Vai al contenuto principale

Apache Spark

Apache Spark is the default execution engine for distributed data processing in Ilum. It runs on Kubernetes (with native CRD-based pod orchestration) or Apache Hadoop Yarn, and is exposed through batch jobs, interactive sessions, in-app SQL notebooks, and the Apache Kyuubi SQL gateway.

Ilum bundles Apache Spark 4.x by default, with Spark 3.x available for legacy workloads.

When to use Spark

Spark is the right engine for:

  • Large-scale ETL and data transformation pipelines.
  • Machine learning workloads using Spark ML or MLlib.
  • Complex joins and aggregations across large datasets.
  • Streaming workloads with Spark Structured Streaming.
  • Workloads that benefit from horizontal scaling across many executors.

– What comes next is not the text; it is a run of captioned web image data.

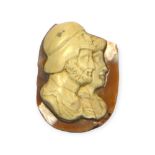 POSSIBLY HELLENISTIC, A GREEK SARDONYX CAMEO WITH A PORTRAIT OF PERICLES AND ASPASIA, HOUSED IN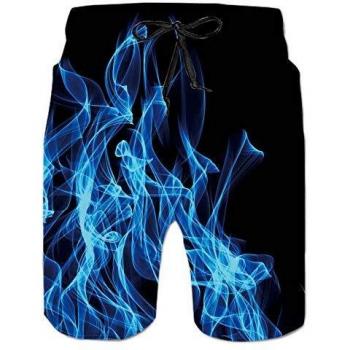 Spreadhoodie Fuego Bañador para Hombre Drawstring Respirable Mens Swim Pantalones Cortos Gráfico 3D Hombres Nadar Pantalones Cortos con Bolsillo Azul XL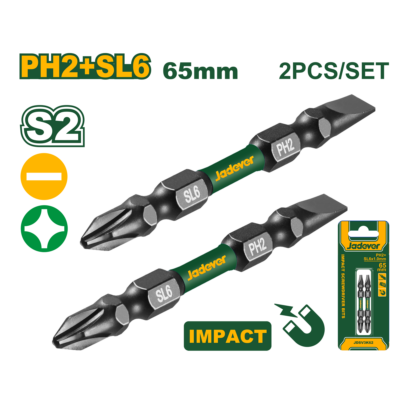 Puntas de destornillador de impacto doble - (PH2 + SL6 x 1)
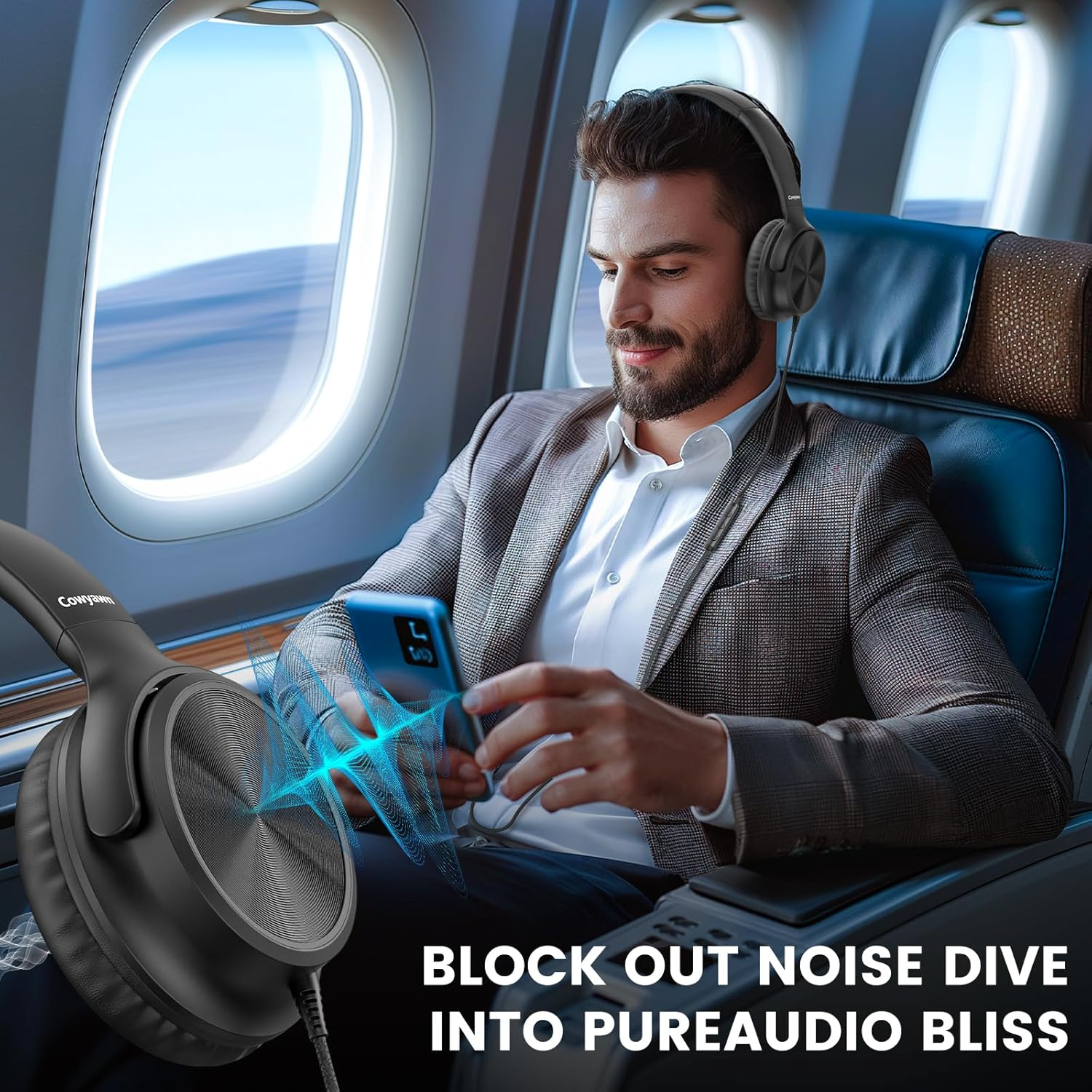 Cowyawn USB C Headphones Wired, over Ear Headphones with Microphone, Volume Control, HD Stereo Sound, Foldable Lightweight Headphones for Adult/Teens/Chromebooks/Laptop/Computer/Tablets/Travel (Black)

For interactive analytics on medium-to-large data, consider Trino . For small-data and local execution, consider DuckDB . For low-latency stream processing, consider Apache Flink.

Execution model

Spark runs as a driver and a configurable number of executors:

  • Driver pod: One per job. Coordinates execution, holds the Spark session, and tracks task state.
  • Executor pods: Provisioned dynamically based on workload. Run individual tasks in parallel and hold cached data.

Ilum manages the full pod lifecycle, including image selection, resource limits, dynamic allocation, and cleanup on completion.

Workload types

Spark powers four kinds of workloads in Ilum:

  • Lavori : One-shot batch executions.
  • Servizi : Long-running interactive Spark sessions that execute code on demand without per-call initialization overhead.
  • Orari : Cron-driven recurring jobs.
  • Requests: Ad-hoc submissions through the REST API or UI.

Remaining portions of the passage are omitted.